*Exercise directions*:
The answer must consist solely of the lines from the line with "באגאן Green Land Motel מראה חיצוני תמונה" to the end of the data below, transcribed exactly and with no pictures.

○ ○ ○ ○ ○ ○ ○

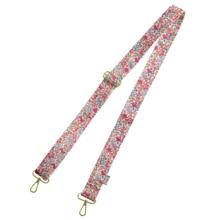 Narrow shoulder strap porcelaine rosée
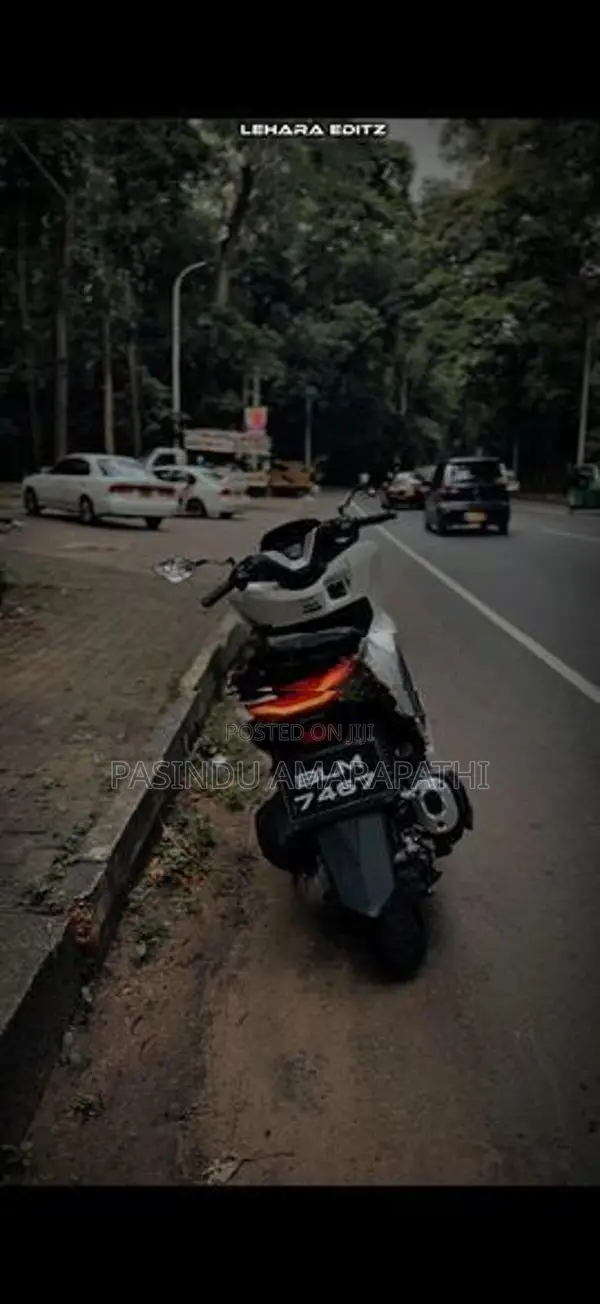 Honda PCX160 Pcx 160 2025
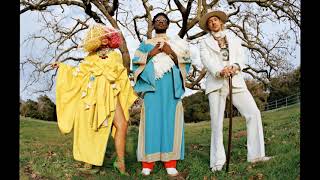 LSD - It&#39;s Time (Isolated Vocals)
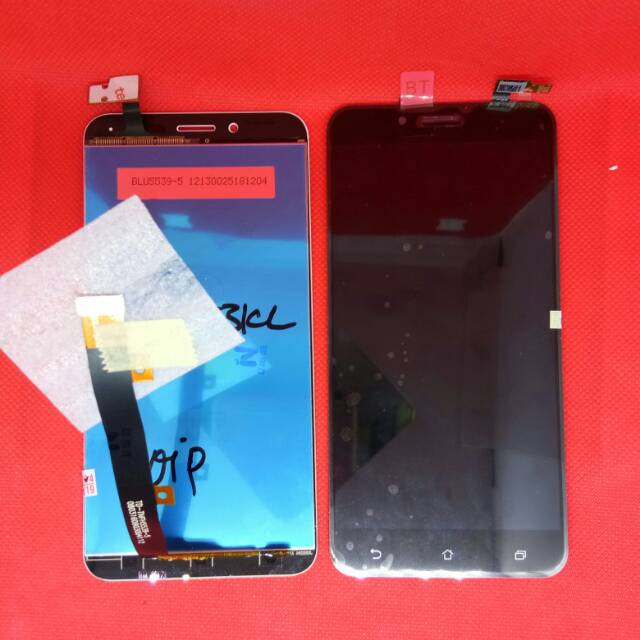 LCD TOUCHSCREEN FULSET ASUS ZC553KL/ZENFONE 3 MAX 5.5 INCHORIGINAL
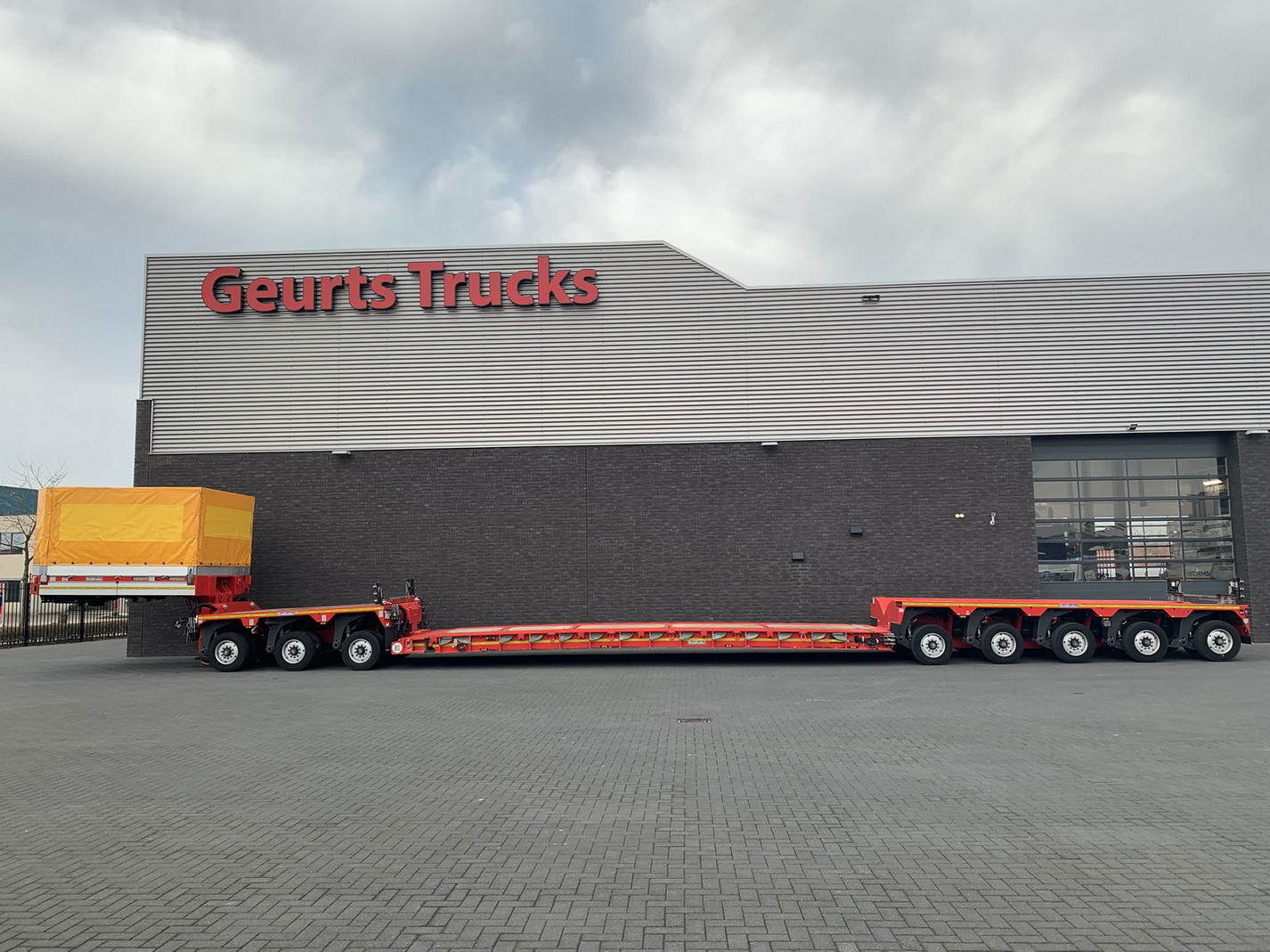 Geurts Trucks B.V. undefined: zdjęcie 21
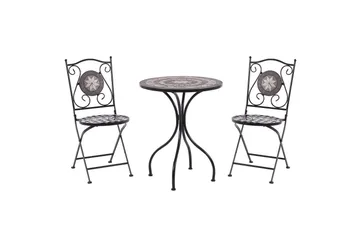 Cafeset Cariati - Utemöbler & utemiljö - Utegrupp - Cafegrupp & cafeset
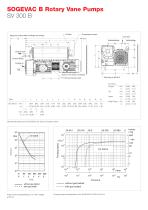 SOGEVAC SV 300 B - 3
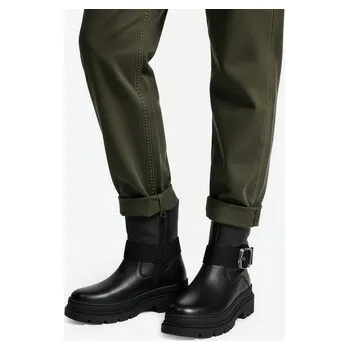 Dámské kozačky G-Star Raw Polokozačky CEO-WI45-VR-3400-03 Černá 41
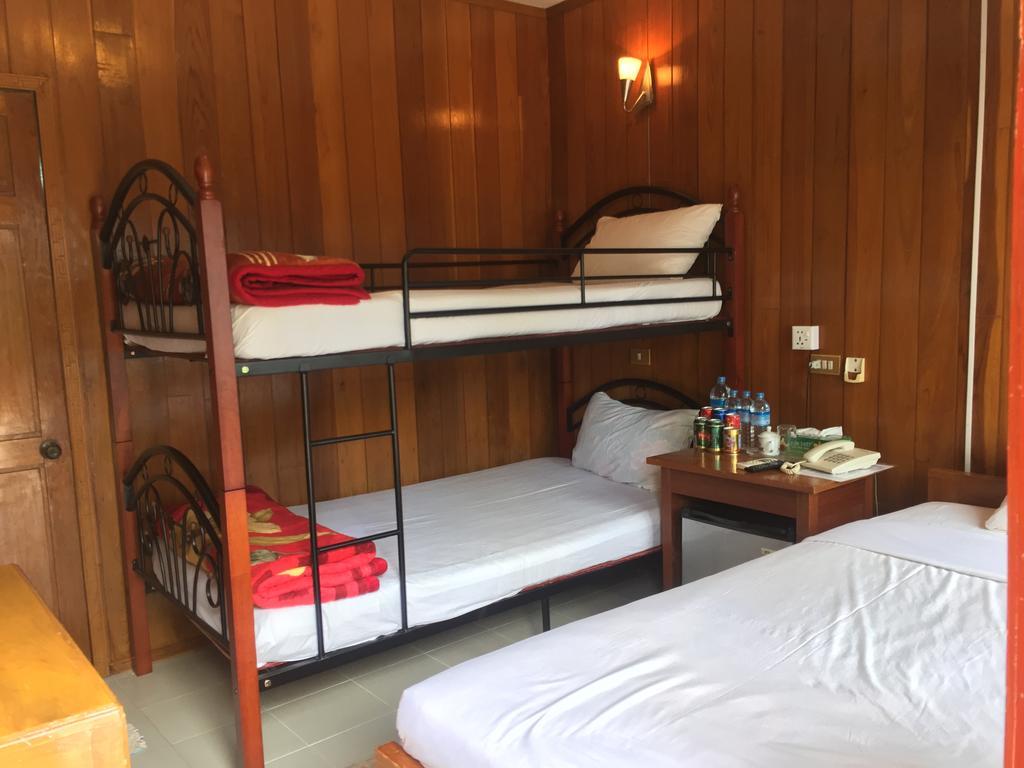 באגאן Green Land Motel מראה חיצוני תמונה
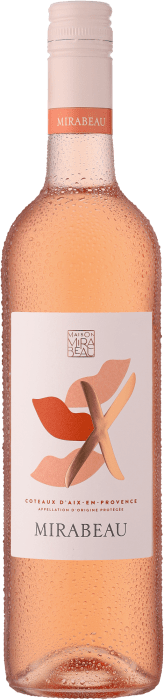 2024 Mirabeau »X« Rosé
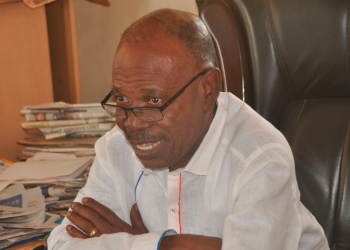 Ghana's High Commissioner to South Africa, George Ayisi-Boateng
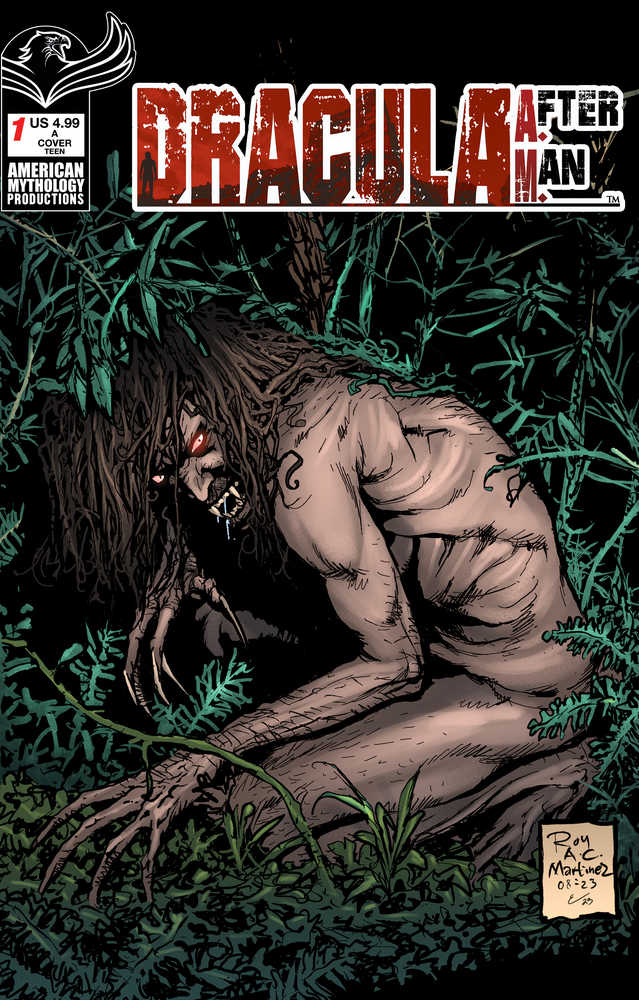 Dracula After Man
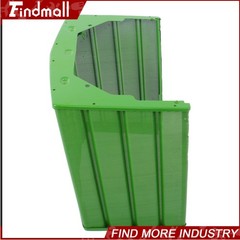 Front Green Grille Guard For John Deere 755 855 955 Tractor AM107864 AM104995
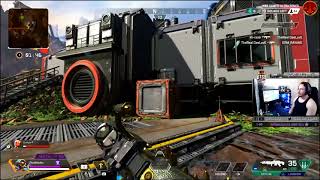 Apex Legends / No hit reg on Revenant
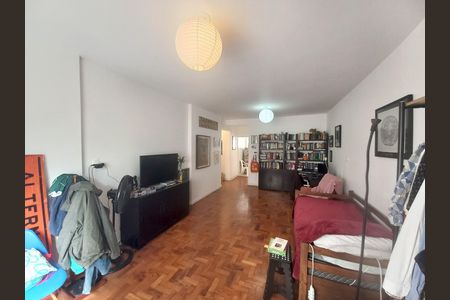 Apartamento à venda com 1 quarto, 45m² em Vila Buarque, São Paulo
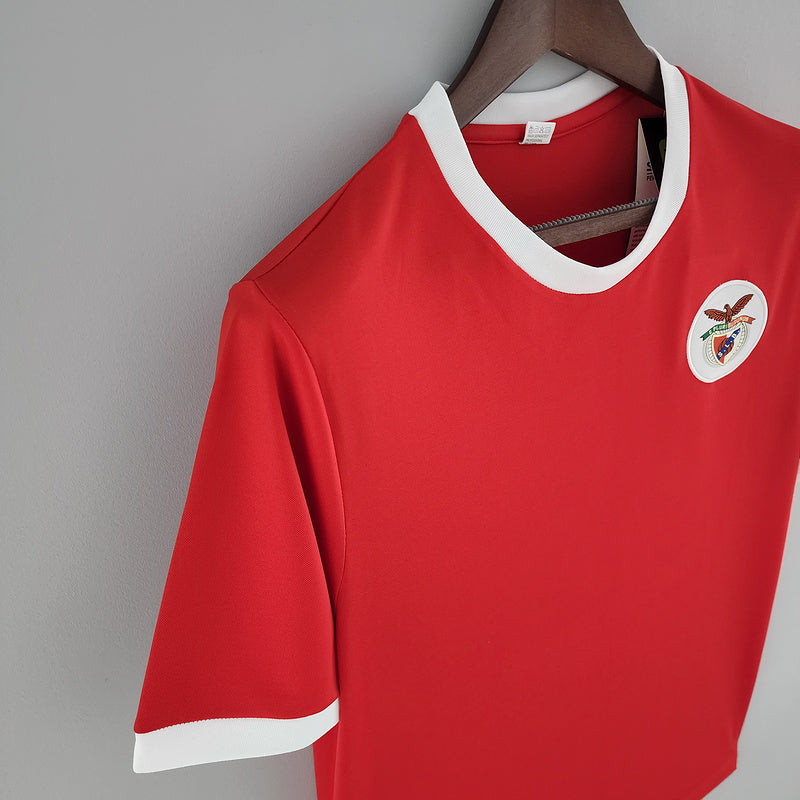 Jersey Retro Benfica 73/74 - Vermelho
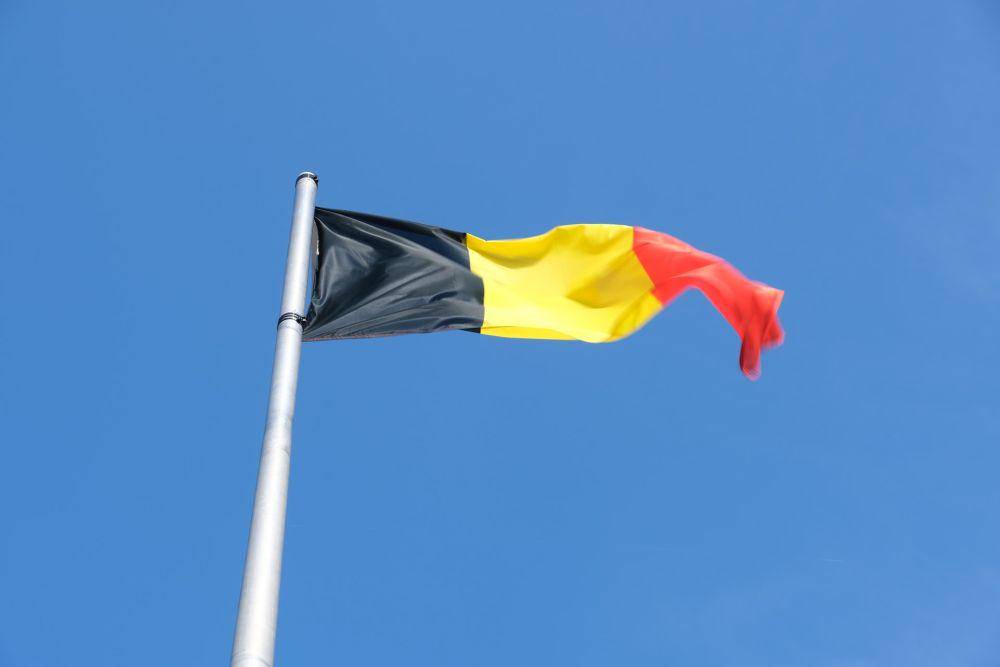 bendera Belgia (unsplash.com/Boudewijn Huysmans)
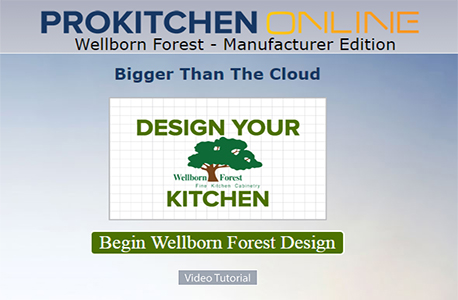 Wellborn Forest Products Offers Cloud-Based Design Tool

○ ○ ○ ○ ○ ○ ○

*Result of this task*:
 באגאן Green Land Motel מראה חיצוני תמונה
 2024 Mirabeau »X« Rosé
 Ghana's High Commissioner to South Africa, George Ayisi-Boateng
 Dracula After Man
 Front Green Grille Guard For John Deere 755 855 955 Tractor AM107864 AM104995
 Apex Legends / No hit reg on Revenant
 Apartamento à venda com 1 quarto, 45m² em Vila Buarque, São Paulo
 Jersey Retro Benfica 73/74 - Vermelho
 bendera Belgia (unsplash.com/Boudewijn Huysmans)
 Wellborn Forest Products Offers Cloud-Based Design Tool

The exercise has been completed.